Prendre le train en Alsace

Un barrage et une passe à Gambsheim

La dernière fois que j’ai visité un passage migratoire pour les saumons, c’était – ô coïncidence subtile et délicate – à Whitehorse. Alors, quand j’ai étudié les activités possibles un lundi 29 avril en Alsace, je n’ai pas vraiment eu l’embarras du choix puisque le passage 309 m’a paru être la seule chose faisable facilement ce jour-là.

Le passage 309, kesaco ?

Donc, le passage 309, c’est une initiative locale pour promouvoir le tourisme frontalier entre la France et l’Allemagne et, plus précisément, les municipalités de Rheinau en et de Gambsheim. Sur le terrain, cela se concrétise « à travers diverses initiatives, allant de la conception et distribution de supports promotionnels (brochures, affiches, plans) à l’organisation d’événements ou d’expositions, et même à la gestion de projets européens d’envergure ». Je cite ici la page A propos du site officiel !

Et donc, aller voir la passe aux poissons.

J’ai fait, comme d’habitude, mes repérages pour baliser, peu ou prou, le chemin entre la gare de Gambsheim et la passe, convenablement sise sur un barrage électrique au milieu de Rhin. Pour y aller, rien de bien sorcier : 3 kilomètres et demi et environ cinquante minutes de marche. Or, un petit détail attire mon attention en l’absence totale d’infrastructures piétonnes au sortir du village, le long de la départementale 94 et sur environ 600 mètres. Autrement dit, à moins de relancer le stop, douze ans après la Nouvelle-Zélande, il va falloir marcher en bord de départementale, ce dont je ne suis pas vraiment, vraiment fan.

Cependant, je n’en suis encore là, tout occupé que je suis à profiter de l’orgie visuelle que proposent les magnifiques maisons à colombages de Gamsheim, orgie que je n’avais pas du tout prévue et dont je me repais avec un appétit certain, seul que je suis dans les rues locales en ce début d’après-midi.

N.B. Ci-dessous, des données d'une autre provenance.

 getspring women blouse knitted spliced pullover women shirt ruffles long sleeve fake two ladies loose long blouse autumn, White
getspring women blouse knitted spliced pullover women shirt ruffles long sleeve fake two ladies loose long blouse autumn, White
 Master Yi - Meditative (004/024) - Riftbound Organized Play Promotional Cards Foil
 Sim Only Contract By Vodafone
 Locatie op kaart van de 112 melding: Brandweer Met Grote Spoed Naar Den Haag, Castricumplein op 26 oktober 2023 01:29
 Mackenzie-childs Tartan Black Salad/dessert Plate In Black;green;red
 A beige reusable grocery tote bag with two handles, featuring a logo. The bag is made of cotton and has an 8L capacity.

J’observe, j’admire et je bave même un petit peu (entre deux DMs sur IG d‘Alex Zone Blanche, qui semble connaitre le coin).

Arrivé à la sortie du village, j’observe une voiture allemande visiblement abandonnée, des outils agricoles d’un autre temps et mon indécision absolue quant à la route à suivre (et ceci est un zeugma). Je tente vaguement de tendre le pouce quelques minutes mais soit j’ai perdu sévèrement du capital séduction depuis mes années océaniennes soit le stop n’est pas un truc courant dans l’coin mais toujours est-il que je fais un flop magnifique qui me décide donc à longer la départementale jusqu’à un rond-point où je me réfugie sur une piste cyclable protégée où je peux cheminer en relative sécurité. De là, je rejoins l’office de tourisme du Pays Rhénan, situé juste avant le Rhin, dans une sorte d’aire où se trouvent des travaux et un restaurant (hélas fermé, tant pis pour ma bière). Une fois mon plein de cartes et de conseils effectué, direction le barrage, le Rhin et ma fameuse passe à poisson(s) !

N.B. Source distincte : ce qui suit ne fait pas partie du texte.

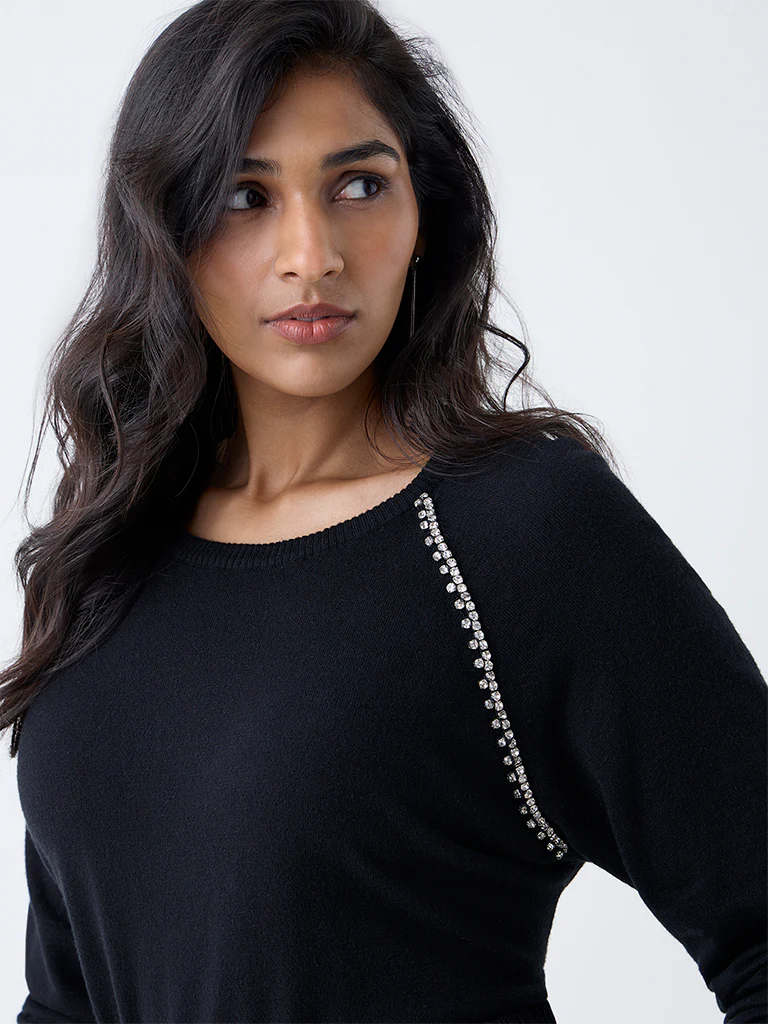 Gia Black Diamante-Detailed Sweater - Image 3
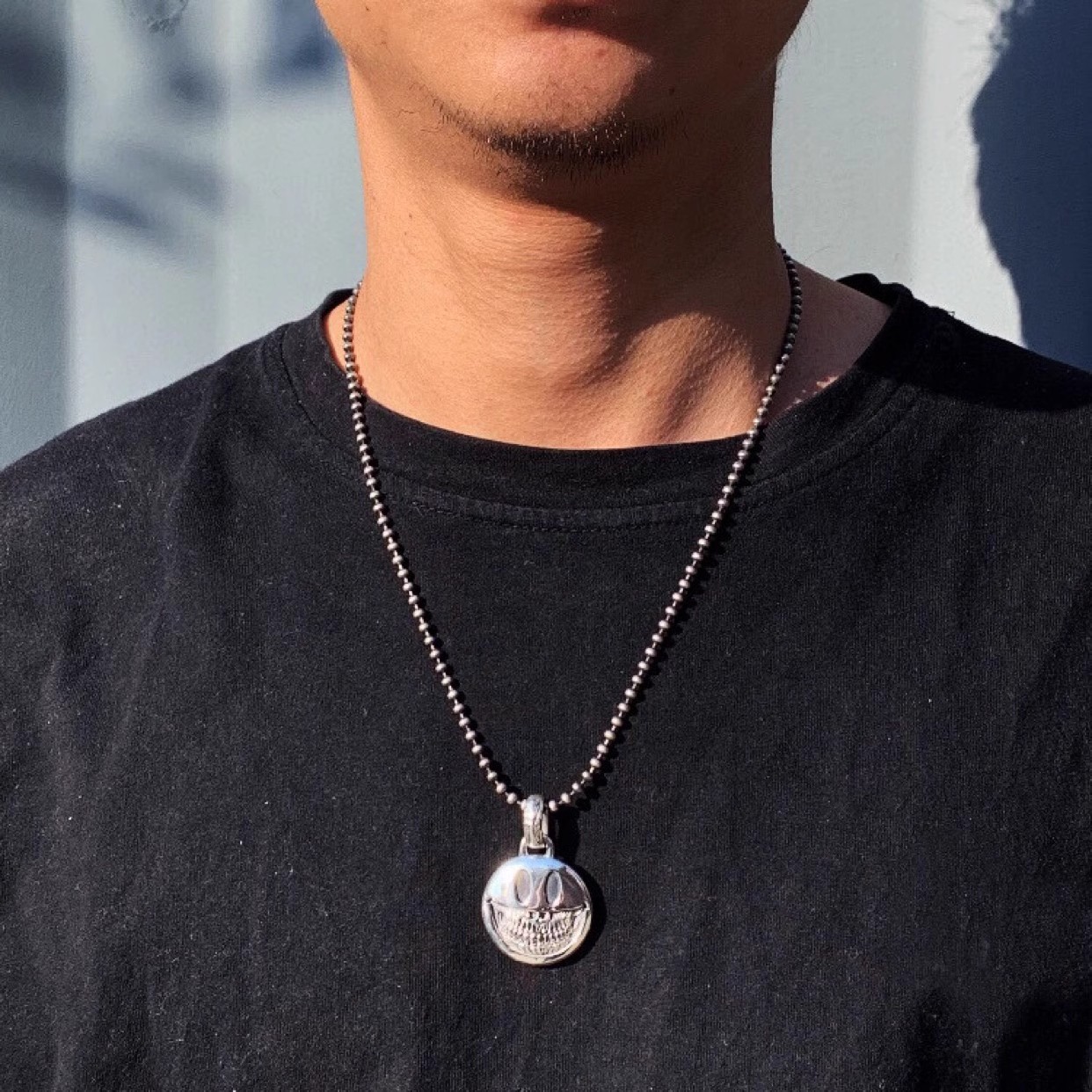 S925 Sterling Silver Customizable Grinning Face Pendant with Different Patterns on Both Sides, Trendy Unisex Couple Neck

Visiter la Passe à Poisson

Et donc, sise au milieu d’un barrage, la Passe à Poisson qui sert, comme son nom l’indique, à faire passer les poissons à travers le Rhin. Pourquoi donc ? Et bien, déjà, parce qu’avec un barrage au milieu du fleuve, cela devient un peu compliqué de remonter le courant pour retourner pondre sur son lieu de naissance. Alors, du coup, pour aider la poiscaille d’Alsace et d’ailleurs, je donne la parole au site officiel et à sa page dédiée : « Comme les migrateurs ont la particularité de nager contre le courant, un débit de l’ordre de 15 m3/s est détourné vers les entrées de la passe. Grâce à ce guidage naturel, saumons, truites de mer et autres espèces de poissons s’engagent dans la passe. À Gambsheim, ils gravissent une hauteur de près de 11 mètres, en franchissant une succession de bassins reliés entre eux par des fentes. Après le passage de chaque petit dénivelé, le poisson peut se reposer dans le bassin supérieur.

Autrement dit, la visiter la Passe à Poissons de Gambsheim permet de voir plein de poissons nager à contre-courant, grâce à une immense baie vitrée (dedans) et à une terrasse panoramique (dehors). Le contenu de l’exposition permanente est intéressant (mais pas autant que les poissons qui se font balloter dans tous les sens). Et si vous voulez des chiffres, sachez que 46 877 anguilles (et 18 saumons) ont utilisé la passe en 2023.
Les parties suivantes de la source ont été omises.